§ **Source records**:
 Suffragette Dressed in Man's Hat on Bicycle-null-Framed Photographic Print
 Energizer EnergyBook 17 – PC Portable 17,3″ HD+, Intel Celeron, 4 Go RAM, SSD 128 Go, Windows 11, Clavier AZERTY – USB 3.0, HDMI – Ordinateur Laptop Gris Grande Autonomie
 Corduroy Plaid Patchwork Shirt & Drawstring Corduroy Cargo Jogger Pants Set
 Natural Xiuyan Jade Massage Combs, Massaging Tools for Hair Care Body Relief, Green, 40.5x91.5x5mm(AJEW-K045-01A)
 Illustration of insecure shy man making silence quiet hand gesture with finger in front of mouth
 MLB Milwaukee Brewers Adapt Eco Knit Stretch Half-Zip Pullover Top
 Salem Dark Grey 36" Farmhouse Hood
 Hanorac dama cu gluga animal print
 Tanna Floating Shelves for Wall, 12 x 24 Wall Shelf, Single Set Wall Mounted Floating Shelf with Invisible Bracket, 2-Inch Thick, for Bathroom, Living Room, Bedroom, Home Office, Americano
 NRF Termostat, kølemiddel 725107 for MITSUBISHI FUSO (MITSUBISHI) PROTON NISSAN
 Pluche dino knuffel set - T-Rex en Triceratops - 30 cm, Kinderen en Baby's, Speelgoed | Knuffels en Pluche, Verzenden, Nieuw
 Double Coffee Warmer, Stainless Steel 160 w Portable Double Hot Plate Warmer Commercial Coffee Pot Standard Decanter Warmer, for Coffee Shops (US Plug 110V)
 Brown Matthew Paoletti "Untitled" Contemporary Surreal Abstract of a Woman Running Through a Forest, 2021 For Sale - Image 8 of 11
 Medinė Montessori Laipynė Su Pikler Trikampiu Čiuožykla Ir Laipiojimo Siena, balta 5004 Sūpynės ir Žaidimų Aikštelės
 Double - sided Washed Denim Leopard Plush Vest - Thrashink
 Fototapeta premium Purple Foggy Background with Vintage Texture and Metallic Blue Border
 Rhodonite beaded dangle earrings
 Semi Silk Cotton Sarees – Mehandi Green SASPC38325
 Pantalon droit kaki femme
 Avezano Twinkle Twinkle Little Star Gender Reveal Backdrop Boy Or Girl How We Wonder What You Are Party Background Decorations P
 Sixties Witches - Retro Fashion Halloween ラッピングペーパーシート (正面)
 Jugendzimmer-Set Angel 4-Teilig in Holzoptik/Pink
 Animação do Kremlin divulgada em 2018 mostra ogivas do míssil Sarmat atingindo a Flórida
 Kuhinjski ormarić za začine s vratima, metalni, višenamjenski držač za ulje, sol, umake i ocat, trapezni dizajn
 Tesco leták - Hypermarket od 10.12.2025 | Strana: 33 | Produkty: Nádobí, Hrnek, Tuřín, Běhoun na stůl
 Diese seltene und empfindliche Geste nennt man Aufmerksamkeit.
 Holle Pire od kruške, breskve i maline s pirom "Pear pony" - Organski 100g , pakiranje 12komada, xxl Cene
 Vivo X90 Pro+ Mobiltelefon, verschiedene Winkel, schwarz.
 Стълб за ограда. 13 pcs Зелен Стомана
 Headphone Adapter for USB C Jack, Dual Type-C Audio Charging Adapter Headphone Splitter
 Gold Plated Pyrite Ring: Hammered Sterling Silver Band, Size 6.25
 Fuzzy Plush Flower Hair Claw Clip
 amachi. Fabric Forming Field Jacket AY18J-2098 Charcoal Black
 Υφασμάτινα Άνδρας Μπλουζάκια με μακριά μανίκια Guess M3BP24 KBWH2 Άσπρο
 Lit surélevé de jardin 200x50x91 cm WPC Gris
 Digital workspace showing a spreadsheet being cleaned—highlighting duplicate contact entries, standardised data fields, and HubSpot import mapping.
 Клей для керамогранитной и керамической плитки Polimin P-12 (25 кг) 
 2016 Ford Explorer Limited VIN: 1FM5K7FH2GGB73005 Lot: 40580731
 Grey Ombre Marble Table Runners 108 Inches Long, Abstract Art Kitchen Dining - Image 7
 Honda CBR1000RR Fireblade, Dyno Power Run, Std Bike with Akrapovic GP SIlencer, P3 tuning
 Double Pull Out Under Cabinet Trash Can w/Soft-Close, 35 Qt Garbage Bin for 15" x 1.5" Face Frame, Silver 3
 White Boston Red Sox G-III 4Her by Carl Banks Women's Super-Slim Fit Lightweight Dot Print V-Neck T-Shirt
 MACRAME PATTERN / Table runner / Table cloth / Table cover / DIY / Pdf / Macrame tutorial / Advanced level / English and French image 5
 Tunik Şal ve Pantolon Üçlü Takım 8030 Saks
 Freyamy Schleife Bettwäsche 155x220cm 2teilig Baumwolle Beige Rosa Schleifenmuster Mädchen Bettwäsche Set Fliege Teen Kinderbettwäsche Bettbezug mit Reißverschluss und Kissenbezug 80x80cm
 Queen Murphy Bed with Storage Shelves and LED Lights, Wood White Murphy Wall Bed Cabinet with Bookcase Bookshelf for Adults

§ **What you need to do**:
Give an exact reproduction of the lines from the one with "Holle Pire od" to the final line of the entries, including both.

§ **The answer**:
 Holle Pire od kruške, breskve i maline s pirom "Pear pony" - Organski 100g , pakiranje 12komada, xxl Cene
 Vivo X90 Pro+ Mobiltelefon, verschiedene Winkel, schwarz.
 Стълб за ограда. 13 pcs Зелен Стомана
 Headphone Adapter for USB C Jack, Dual Type-C Audio Charging Adapter Headphone Splitter
 Gold Plated Pyrite Ring: Hammered Sterling Silver Band, Size 6.25
 Fuzzy Plush Flower Hair Claw Clip
 amachi. Fabric Forming Field Jacket AY18J-2098 Charcoal Black
 Υφασμάτινα Άνδρας Μπλουζάκια με μακριά μανίκια Guess M3BP24 KBWH2 Άσπρο
 Lit surélevé de jardin 200x50x91 cm WPC Gris
 Digital workspace showing a spreadsheet being cleaned—highlighting duplicate contact entries, standardised data fields, and HubSpot import mapping.
 Клей для керамогранитной и керамической плитки Polimin P-12 (25 кг) 
 2016 Ford Explorer Limited VIN: 1FM5K7FH2GGB73005 Lot: 40580731
 Grey Ombre Marble Table Runners 108 Inches Long, Abstract Art Kitchen Dining - Image 7
 Honda CBR1000RR Fireblade, Dyno Power Run, Std Bike with Akrapovic GP SIlencer, P3 tuning
 Double Pull Out Under Cabinet Trash Can w/Soft-Close, 35 Qt Garbage Bin for 15" x 1.5" Face Frame, Silver 3
 White Boston Red Sox G-III 4Her by Carl Banks Women's Super-Slim Fit Lightweight Dot Print V-Neck T-Shirt
 MACRAME PATTERN / Table runner / Table cloth / Table cover / DIY / Pdf / Macrame tutorial / Advanced level / English and French image 5
 Tunik Şal ve Pantolon Üçlü Takım 8030 Saks
 Freyamy Schleife Bettwäsche 155x220cm 2teilig Baumwolle Beige Rosa Schleifenmuster Mädchen Bettwäsche Set Fliege Teen Kinderbettwäsche Bettbezug mit Reißverschluss und Kissenbezug 80x80cm
 Queen Murphy Bed with Storage Shelves and LED Lights, Wood White Murphy Wall Bed Cabinet with Bookcase Bookshelf for Adults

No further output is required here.